A new programme to explore the potential of knowledge ‘co-production’ between researchers and non-academics has captured the imagination of academics, public and voluntary sector representatives and businesses alike, ahead of its first workshop event on December 5, 2014 at The Edge in Sheffield.
The N8 has received funding from the Economic and Social Research Council (ESRC) to work with industry partners, the policy community and the voluntary sector to examine how co-production can shape approaches to social sciences research.
The co-production of research stresses the importance of collaboration between academics and research users, changing the way social science research is conducted and applied. This programme aims to explore how this potential can best be harnessed and thereby enhance the value of social science research to new and existing research users.

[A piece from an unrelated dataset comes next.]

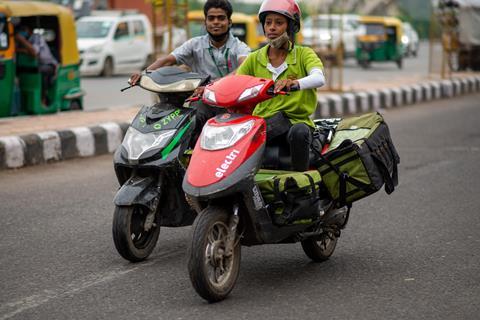 Riders on eScooters in India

The workshop has attracted more than 50 attendees from across the academic, policy, voluntary and businesses communities and aims to clarify the key opportunities and barriers associated with the co-production of knowledge, and identify the issues and innovative practices which might be explored. A significant number of attendees already have proposals for pilot projects in the field of co-production.
The N8 already has a strong track record in creating pioneering research collaborations in science and engineering by forging strong links with industry and matching demand from the private sector with the world-class research carried out in the N8 universities.

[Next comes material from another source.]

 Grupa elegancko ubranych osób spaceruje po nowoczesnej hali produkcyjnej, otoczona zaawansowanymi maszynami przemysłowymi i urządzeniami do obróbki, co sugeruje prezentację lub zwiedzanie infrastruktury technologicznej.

However, this kind of collaboration is relatively under-developed in social sciences research. The ESRC funding is enabling a multi-disciplinary team from the N8 to work alongside non-academics and practitioners.

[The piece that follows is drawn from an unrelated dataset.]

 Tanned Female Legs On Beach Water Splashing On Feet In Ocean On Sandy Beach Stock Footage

The programme is being co-ordinated on behalf of the N8 Research Partnership by the University of Sheffield and it will be able to draw on the experience of the highly successful N8 Industry Innovation Forum, which connects leading businesses with research intensive universities and other key organisations involved in innovation.
Professor Heather Campbell, Principal Investigator of the co-production programme, said: “Closer working between researchers and the designers, deliverers and recipients of goods and services has the potential to generate insights which can better address the big challenges facing contemporary society.
“We’re delighted that so many people, from such a broad spectrum of sectors and backgrounds, will be coming together at the workshop to exchange knowledge and ideas.
“Overall, the programme will help social science researchers gain a better understanding of the theory and practice of co-production and identify opportunities for co-produced research.”
Adrian Alsop, ESRC Director for Research, Partnerships and International, commented: “We recognise that to achieve excellence with impact, co-production arrangements of this kind are necessary as they provide the opportunity for collaboration between academic and non-academic researchers, which ultimately enhances the value of social science research across a number of pressing challenges facing society today.”
Small group and plenary discussions at the workshop will be stimulated by contributions from speakers with a variety of backgrounds including Professor John Forester from Cornell University and Martien Kuitenbrouwer, District Mayor for West Amsterdam and Director of the Programme for Public Mediation at the University of Amsterdam.
The outcomes of the research will be presented in a report examining the opportunities and challenges associated with co-production for academics and research users, and the results are expected to be published in 2015.